La señorita Best le tendió un papel en el que aparecían los números de las aulas y los nombres de los profesores. Ramone se lo metió en el bolsillo de la chaqueta.

– ¿Ha hablado con el detective Bill Wilkins? Oficialmente es su caso.

– Sí, me llamó por teléfono. Me pidió que no vaciemos la taquilla de Asa hasta que él eche un vistazo.

– Muy bien. -Ramone empezaba a pensar que había subestimado a Wilkins.

– ¿Quiere ir a verla usted mismo?

– Después de hablar con los profesores. -Ramone dio unos golpecitos con el bolígrafo en el pequeño cuaderno de espiral que tenía en el regazo-. Si me permite, por lo que me dice deduzco que los alumnos no han llorado mucho que digamos por la muerte de Asa.

– No pretendía que fuera una crítica.

– Y no lo he entendido así. Sólo me gustaría conocer su impresión sobre Asa.

– La verdad es que he tenido muy poco contacto con él los últimos dos años. Sólo hemos hablado unas cuantas veces. Era un chico tranquilo, que no ofrecía problemas de disciplina. Yo no diría que fuera muy enérgico. No era ni popular ni impopular.

– Vamos, un chico bastante anodino, me está diciendo.

– Eso lo ha dicho usted.

– Por favor, esto no es oficial. Puede hablar con libertad.

– Asa no era de la clase de estudiantes que me llaman la atención, es lo más sincero que puedo decirle.

– Se lo agradezco.

– ¿Cómo está Diego? -preguntó la directora.

– Pues la verdad es que ha tenido algún que otro tropezón en el nuevo colegio, para serle franco.

– Siempre será bienvenido aquí.

– Gracias, señorita Best. Voy a hablar con los profesores.

– Buena suerte.

Ramone encontró el aula de la profesora de lengua, la señorita Cummings, en la segunda planta. Dentro no había nadie, de manera que se dedicó a mirar un poco por allí para matar el tiempo. Había papeles arrugados por el suelo y las papeleras estaban a rebosar. Las sillas y pupitres, que parecían estar en uso desde la época de la Depresión, se encontraban mal alineados, en hileras apenas detectables.
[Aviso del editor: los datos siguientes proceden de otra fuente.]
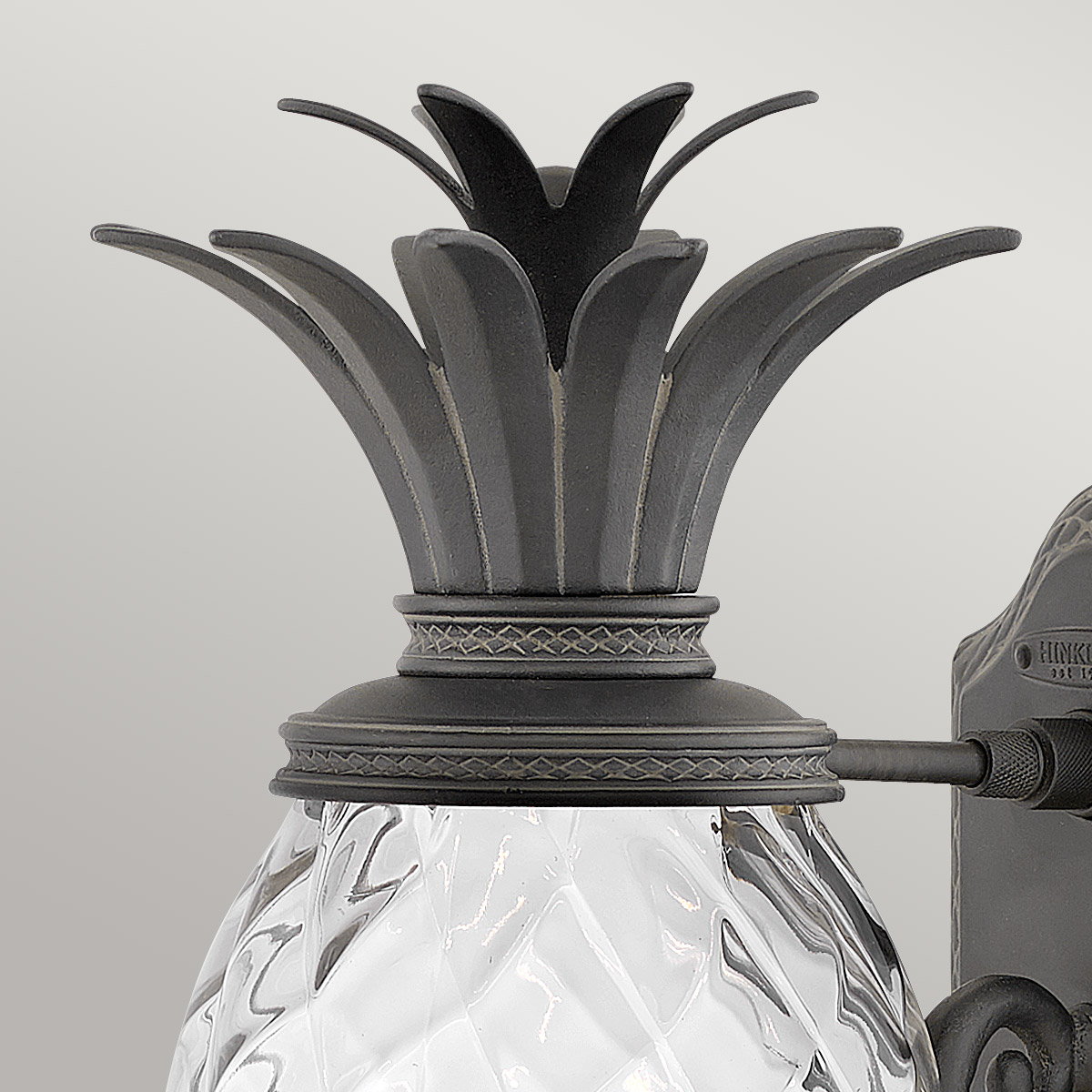 Plantation Svart utelampa från Elstead Lighting - Med sitt unika ananasformade optiska glas och h&aring;llbara aluminiumkonstruktion skapar lampan en k&auml;nsla av lyx och stil.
En la pizarra la profesora había escrito citas del doctor King, James Baldwin y Ralph Ellison. También se veían dos notas, una de ellas era el anuncio de un inminente examen y la otra recordaba a los alumnos que pusieran al día sus diarios. Al ver que la profesora no aparecía, acabó marchándose del aula.
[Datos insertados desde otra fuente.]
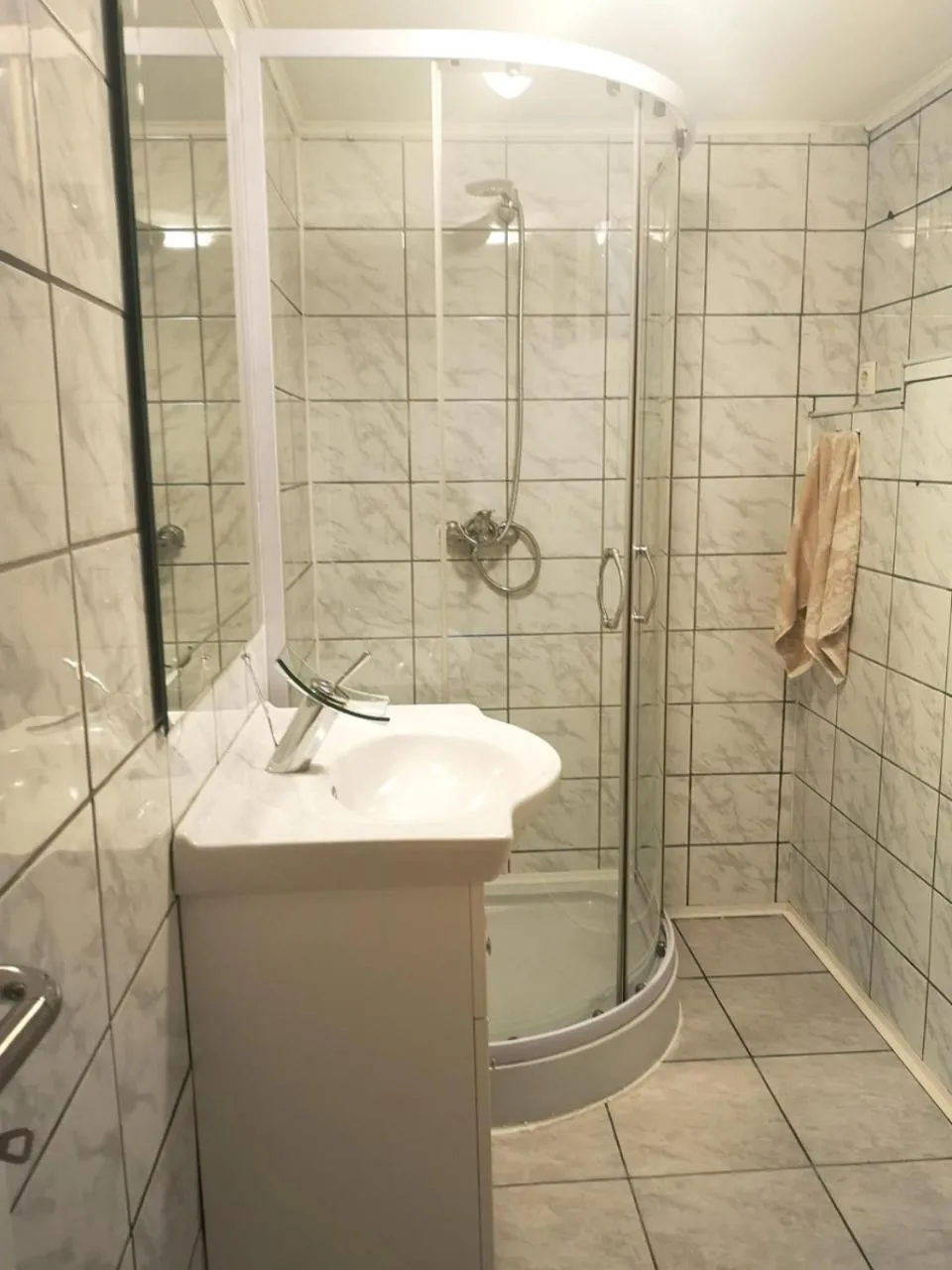 Shower in Sweet Cosy Apartment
El señor Bolton, profesor de álgebra de Asa, le esperaba en el aula 312. Ésta, a diferencia de la de lengua, estaba ordenada y limpia. El profesor se levantó de su mesa y fue a saludar a Ramone.

Bolton era un hombre de piel oscura, color chocolate, cerca ya de los cuarenta años. Llevaba pantalones de sport, una camisa bien planchada y mocasines. La ropa no parecía muy cara, lo cual no era de extrañar dado el anémico salario del profesor, pero sí estaba pensada. Ramone esperaba encontrarse con un friqui, pero se encontró con un tipo de buena facha, vestido con cierta elegancia y recién afeitado. Su nariz, bastante grande y algo amorfa, impedía que pudiera calificársele de guapo. Sus ojos eran grandes y brillantes.

– ¿Detective Ramone?

– Señor Bolton. -Ramone le estrechó la mano.

– Llámeme Robert.

– De acuerdo. No le robaré mucho tiempo.

– En lo que pueda ayudarle…

Ramone sacó el cuaderno.

– ¿Cuándo fue la última vez que vio a Asa Johnson?
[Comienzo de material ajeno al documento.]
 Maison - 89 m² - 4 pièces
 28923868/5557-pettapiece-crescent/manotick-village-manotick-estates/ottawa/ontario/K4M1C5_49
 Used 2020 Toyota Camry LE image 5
– En clase, el día de su muerte.

– Es decir, el martes.

– Exacto. Y luego ese mismo día, después de clase.

– ¿Por qué? ¿Estaba castigado o algo?

– No, no, nada de eso. Vino a que le pusiera deberes extras. Le encantaban las matemáticas, detective. La verdad es que le gustaba resolver problemas. Asa era uno de mis mejores alumnos.